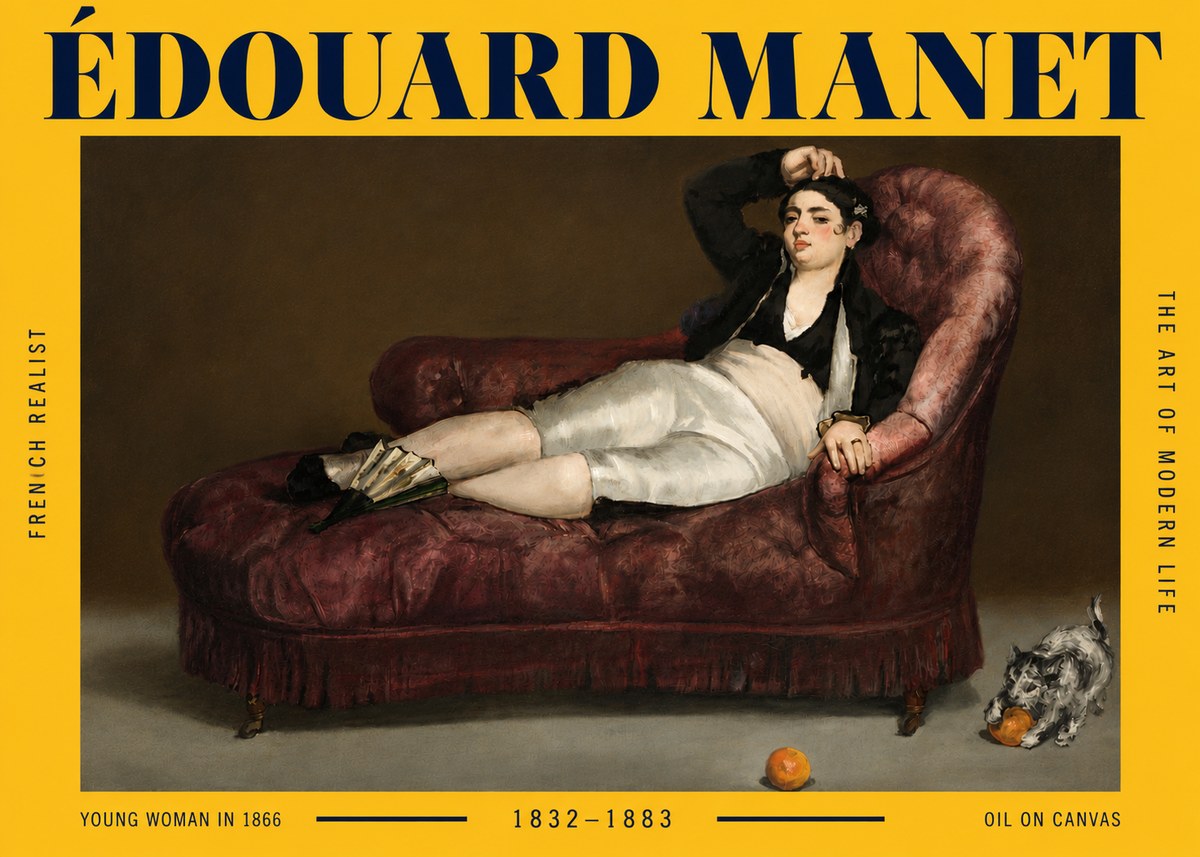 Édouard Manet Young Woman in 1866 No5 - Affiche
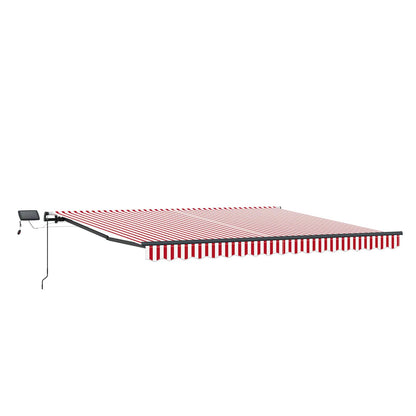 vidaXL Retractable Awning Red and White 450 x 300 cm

────────

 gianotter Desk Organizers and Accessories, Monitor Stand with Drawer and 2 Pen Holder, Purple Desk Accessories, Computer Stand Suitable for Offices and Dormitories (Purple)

────────

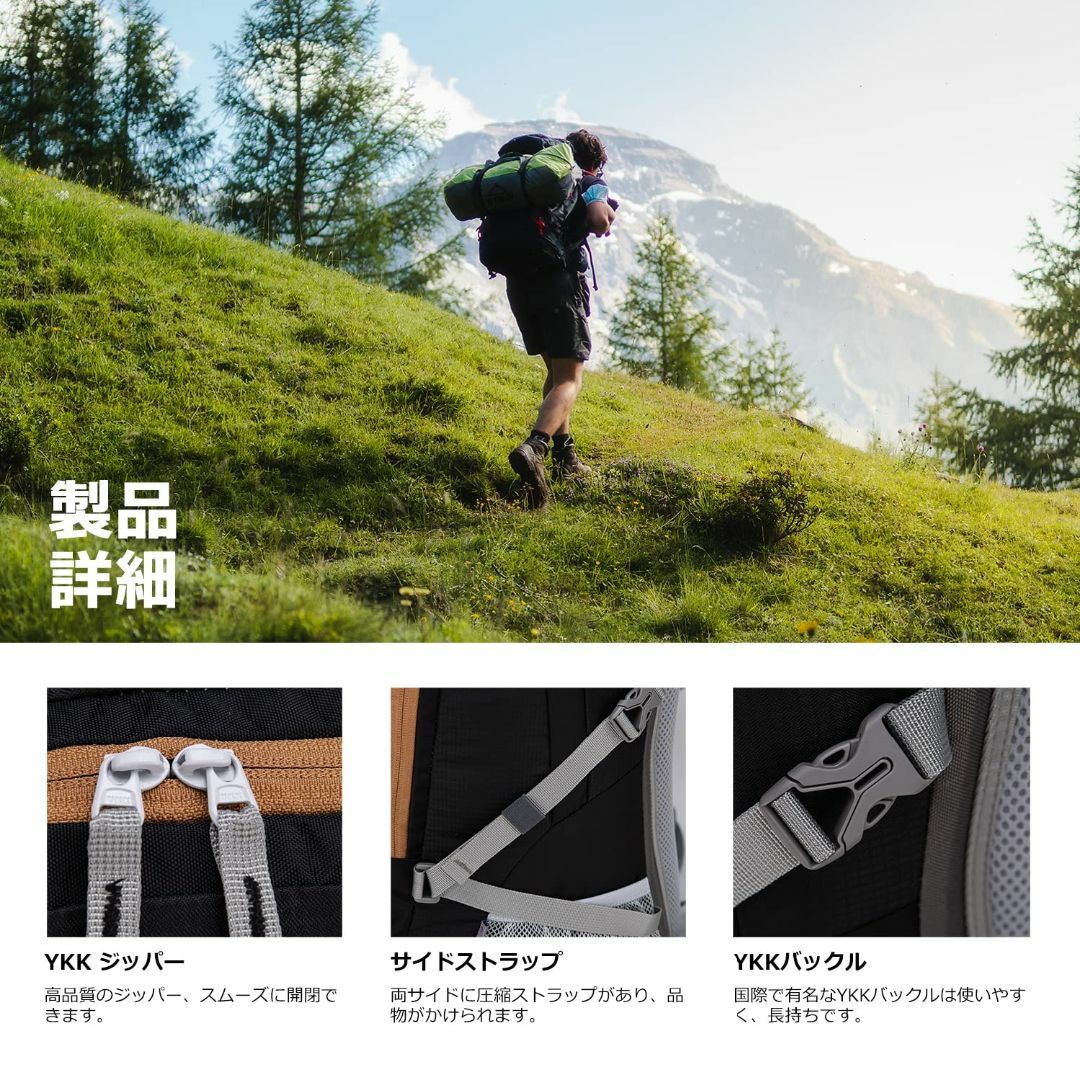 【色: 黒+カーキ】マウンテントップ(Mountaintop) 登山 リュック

────────

=== WHAT YOU WILL DO ===
In the listing above, find the line with "Édouard Manet Young" and the line with "vidaXL Retractable Awning". Set down exactly those lines and everything between them, skipping pictures.

=== SOLUTION FOR THIS PROBLEM ===
 Édouard Manet Young Woman in 1866 No5 - Affiche
 vidaXL Retractable Awning Red and White 450 x 300 cm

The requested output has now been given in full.